Wednesday, October 30, 2013

Facebook Photo Shows Another Google Mystery Barge Off the Coast of Maine

Google shares a close relationship with the CIA and the national security state.

Kurt Nimmo
Infowars.com
October 30, 2013

Portland Tugboat has posted a photo of another Google mystery barge on their Facebook page.

Photo: Portland Tugboat LLC's Facebook page.
Photo: Portland Tugboat LLC’s Facebook page.

On October 27, CNET reported that a similar barge was docked in the San Francisco Bay. “Is it a floating Google data center? A floating Google Glass store? Or something else altogether?” asked Daniel Terdiman, writing for the tech media website. The barge is docked at a former U.S. Navy station on Treasure Island.

On October 26, Tom Bell, writing for the Portland Press Herald, reported “a four-story windowless building” docked in the Portland Harbor. “Its purpose and its owner’s identity have been kept secret.”

Despite a cover story that the barge was some sort of promotional gimmick for Google Glass, the wearable computer with an optical head-mounted display, a Google patent for a water-based data center filed in 2007 reveals a different agenda. The patent was granted in 2009.

Google is linked to the CIA and the national security state through the CIA’s technology research division, In-Q-Tel. In 2005, Google acquired the CIA funded satellite mapping software subsequently named Google Earth.

NSA whistleblower Edward Snowden said in August that Google and other technology corporations received millions of dollars from the NSA for their compliance with PRISM, a secret mass electronic surveillance data mining program.
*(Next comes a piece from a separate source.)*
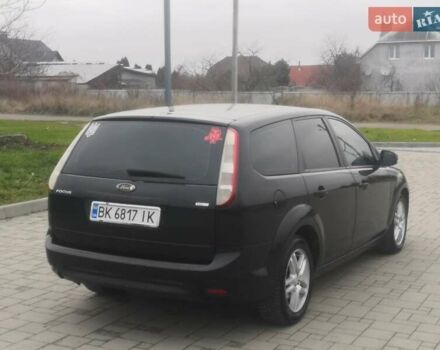 Черный Форд Фокус, объемом двигателя 1.8 л и пробегом 300 тыс. км за 5900 $, фото 3 на Automoto.ua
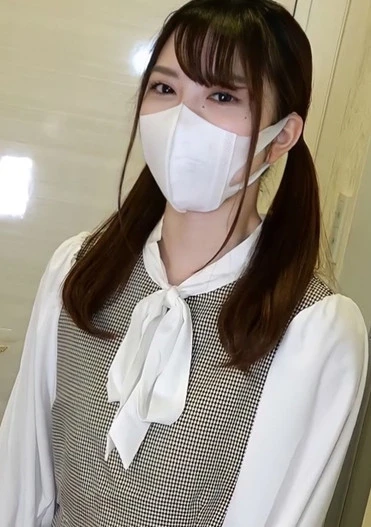 ちょ～華奢でキツキツのオ〇ンコ♥純粋で激カワ大学生♥今まで経験人数2人のウブさ…♥人生初めての生挿入…、初めての電マ…、初めてづくしの初撮影！　※レビュー特典／高画質Ve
Fred Burton, vice president of Stratfor and a former senior State Department official, described Google as “doing things the CIA cannot do,” according to documents acquired by Wikileaks.

In 2010, Noah Shachtman, writing for Wired, reported that Google had teamed up with the CIA to back a company that developed technology to monitor the web in real time.

“The company is called Recorded Future, and it scours tens of thousands of websites, blogs and Twitter accounts to find the relationships between people, organizations, actions and incidents,” writes Shachtman. “The idea is to figure out for each incident who was involved, where it happened and when it might go down.”